Mortgages are currently the cheapest on record, revealed new figures.
Two-year fixed and variable rate deals have dropped to new lows as mortgage providers attempt to entice borrowers.
Banks and building societies are trying to attract new buyers after demand dropped in the last half of 2014.
However, stricter lending rules have made it more difficult for some borrowers to get a mortgage in the last few months.
There are concerns around a forthcoming rise in interest rates and many buyers are waiting to see if the Bank of England (BoE) increases its base rate from the current historic low of 0.5%.
But the BoE is not due to raise the base rate until the end of 2015, or even 2016. Lenders are therefore offering super-low offers.
Experts believe that now could be one of the best times ever to enter into a fixed rate mortgage, before rates do increase.
The average interest rate for a two-year fixed rate home loan, with a deposit of at least 25%, was only 2.08% in December, the lowest figure since records began in 1995.1
This deal is the most common type for borrowers, and dropped from 2.17% a month earlier.
Interest rates on a two-year variable rate with a discount have also never been lower, down from 1.81% to 1.63% in a month.
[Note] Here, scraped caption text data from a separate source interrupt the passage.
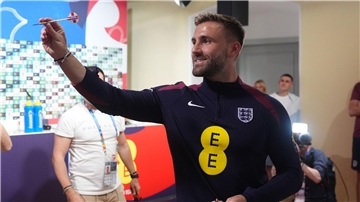Englands Luke Shaw berichtete von einer kleinen Stichelei seines niederländischen Vereinstrainers Erik ten Hag.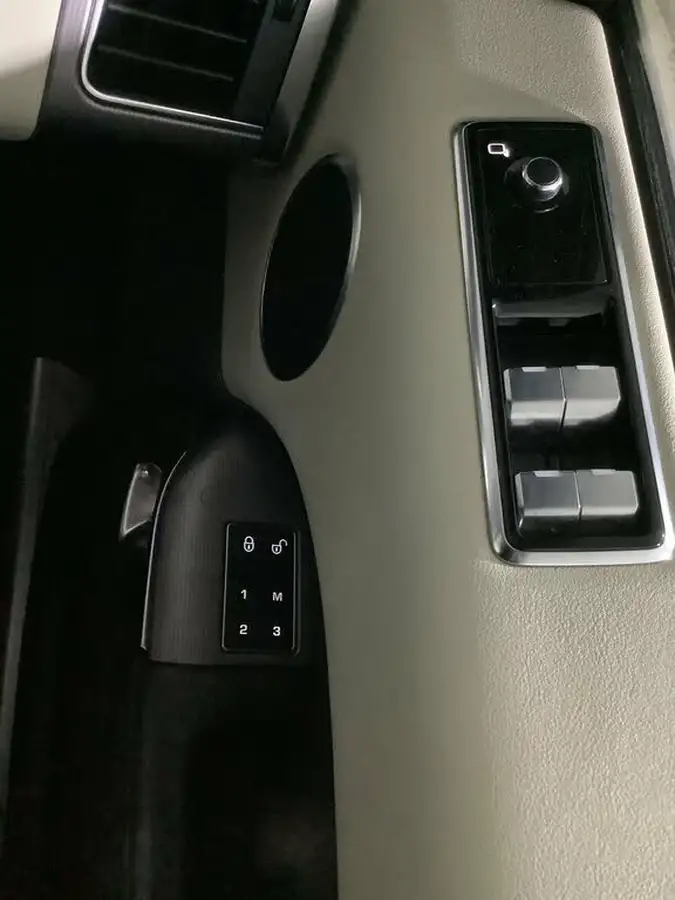 2018-land-rover-range-rover-sport-20-p400e-hse-ss-big-21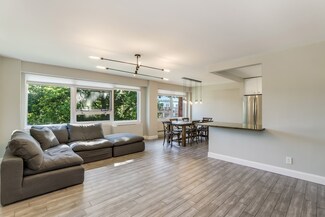 10 Hammond Pond Pkwy Unit 401, Chestnut Hill, MA 02467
Lifetime trackers are near record lows, at 2.86%.1
Citi, the global bank, says that these numbers indicate: “Key mortgage rates generally continued to fall in December, and many mortgage rates now are at or around record lows.”1
From financial website Moneyfacts, Sylvia Waycot says: “mortgage lenders are now fighting for our attention.
“Almost daily, new deals are being launched as each lender tried to out-do its competitor, which at last is some great news for the borrower.”1
The BoE says that demand for mortgages has “decreased significantly” in the last quarter of 2014.1
This is apparently down to the Bank’s mortgage market review, which made lenders check that borrowers can afford to meet their monthly repayments if interest rates were to rise.
Banks must now conduct thorough checks on aspiring buyers’ spending habits before they can offer them a home loan, which has seemingly led to less approvals.